→ TASK INPUT:
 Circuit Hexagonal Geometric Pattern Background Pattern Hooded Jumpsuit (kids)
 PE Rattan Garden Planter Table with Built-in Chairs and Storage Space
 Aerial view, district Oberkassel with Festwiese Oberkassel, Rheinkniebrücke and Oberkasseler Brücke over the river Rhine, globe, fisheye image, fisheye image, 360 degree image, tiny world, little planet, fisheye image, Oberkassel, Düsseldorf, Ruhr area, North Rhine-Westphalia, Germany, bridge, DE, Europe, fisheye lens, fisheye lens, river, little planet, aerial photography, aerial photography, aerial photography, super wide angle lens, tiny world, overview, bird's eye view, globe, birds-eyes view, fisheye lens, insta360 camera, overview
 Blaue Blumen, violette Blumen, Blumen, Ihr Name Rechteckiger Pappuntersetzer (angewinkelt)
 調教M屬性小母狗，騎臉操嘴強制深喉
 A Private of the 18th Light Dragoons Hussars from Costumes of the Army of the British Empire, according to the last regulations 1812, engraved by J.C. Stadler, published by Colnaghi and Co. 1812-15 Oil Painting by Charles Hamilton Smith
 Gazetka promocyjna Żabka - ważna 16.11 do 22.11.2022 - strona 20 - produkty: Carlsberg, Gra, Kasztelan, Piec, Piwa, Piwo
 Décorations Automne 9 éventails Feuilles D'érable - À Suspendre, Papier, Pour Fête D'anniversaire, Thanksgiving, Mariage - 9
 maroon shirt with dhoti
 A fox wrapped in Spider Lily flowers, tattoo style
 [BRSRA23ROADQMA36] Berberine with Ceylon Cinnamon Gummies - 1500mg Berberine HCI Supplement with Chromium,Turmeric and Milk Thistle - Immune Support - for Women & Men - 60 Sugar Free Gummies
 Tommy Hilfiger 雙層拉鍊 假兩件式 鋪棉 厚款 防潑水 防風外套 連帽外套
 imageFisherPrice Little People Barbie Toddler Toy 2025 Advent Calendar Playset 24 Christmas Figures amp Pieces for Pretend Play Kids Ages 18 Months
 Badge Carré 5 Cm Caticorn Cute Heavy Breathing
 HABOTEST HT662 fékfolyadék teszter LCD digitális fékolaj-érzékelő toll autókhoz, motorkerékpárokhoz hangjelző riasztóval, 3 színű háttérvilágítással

→ WHAT TO DO: Copy out each line of the listing that contains the word "with".

→ ANSWER FOR THIS EXERCISE:
 PE Rattan Garden Planter Table with Built-in Chairs and Storage Space
 Aerial view, district Oberkassel with Festwiese Oberkassel, Rheinkniebrücke and Oberkasseler Brücke over the river Rhine, globe, fisheye image, fisheye image, 360 degree image, tiny world, little planet, fisheye image, Oberkassel, Düsseldorf, Ruhr area, North Rhine-Westphalia, Germany, bridge, DE, Europe, fisheye lens, fisheye lens, river, little planet, aerial photography, aerial photography, aerial photography, super wide angle lens, tiny world, overview, bird's eye view, globe, birds-eyes view, fisheye lens, insta360 camera, overview
 maroon shirt with dhoti
 [BRSRA23ROADQMA36] Berberine with Ceylon Cinnamon Gummies - 1500mg Berberine HCI Supplement with Chromium,Turmeric and Milk Thistle - Immune Support - for Women & Men - 60 Sugar Free Gummies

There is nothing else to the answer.